Antipiracy Enforcement in Malaysia and Jakarta — Researcher Brett Danaher shares some takeaways from a recent trip he took. “If one simply reads online forums, one might get the impression that the debate over piracy is largely about executives at large studios trying to secure even higher paychecks. That was not who I met in Jakarta. I met independent Indonesian film producers (producing films smaller than Hollywood by orders of magnitude) who felt that piracy was one of the biggest limiting factors in growing their national film industry.”
Music Modernization Act Gains Momentum in Senate — Ted Johnson and Paula Parisi of Variety report on Tuesday’s hearing in the Senate Judiciary Committee featuring, among others, Smokey Robinson. The Senators on the Committee all seemed supportive of the bill, which would make a number of significant reforms to laws governing music licensing.
Congress, end a longstanding injustice for legacy music creators — “Artists that include the hitmakers of Motown, the people who gave birth to rock ‘n’ roll and the legends of jazz and blues have been forced to chase large, profitable music services across multiple state courts in lengthy and expensive litigation just to get basic compensation for their valuable catalogs. While litigation has resulted in some payments to artists, the process is long and costly, while the payments themselves are temporary and do not include all pre-’72 music creators or recordings.”

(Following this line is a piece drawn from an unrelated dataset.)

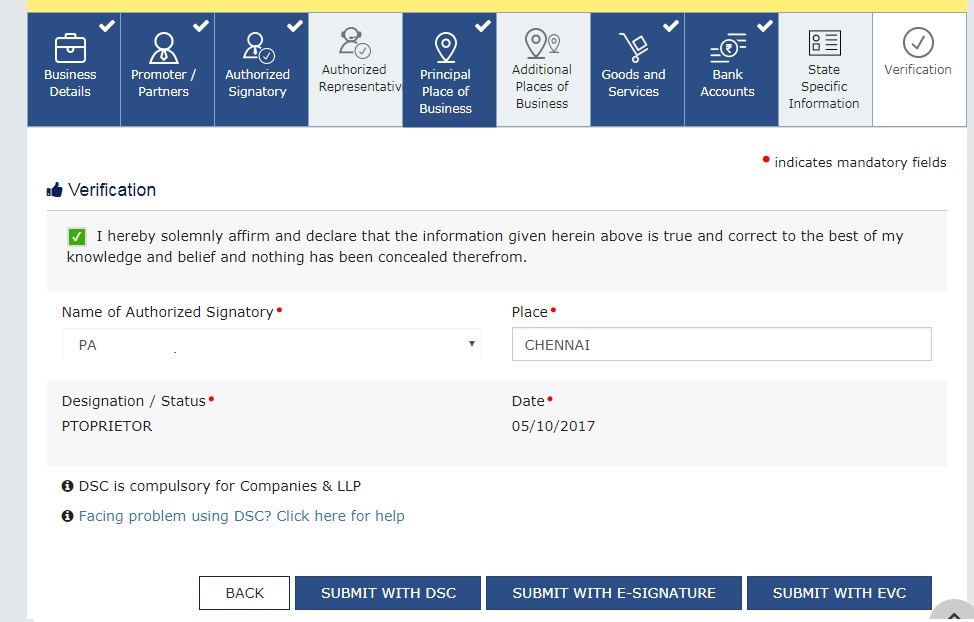 Register GST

Fourth Estate Public Benefit Corp. v Wall-street.com, Brief for the United States as Amicus Curiae — A well-written brief from the U.S. Solicitor General recommends that the Supreme Court grant cert in this case, which concerns when the registration prerequisite for filing a civil action for infringement of a copyright is satisfied. The brief also argues that the requirement is only met after the Register of Copyrights has acted on a registration application, either granting registration of a work or denying registration. Some courts have held that the requirement is satisfied once a registrant has submitted the registration, deposit, and fee to the Copyright Office but before the Register takes any action. While the Court isn’t bound to follow the recommendation of the Solicitor General, it historically does so around eight out of ten times.
Google’s Selfish Ledger is an Unsettling Vision of Silicon Valley Social Engineering — “The Selfish Ledger positions Google as the solver of the world’s most intractable problems, fueled by a distressingly intimate degree of personal information from every user and an ease with guiding the behavior of entire populations.”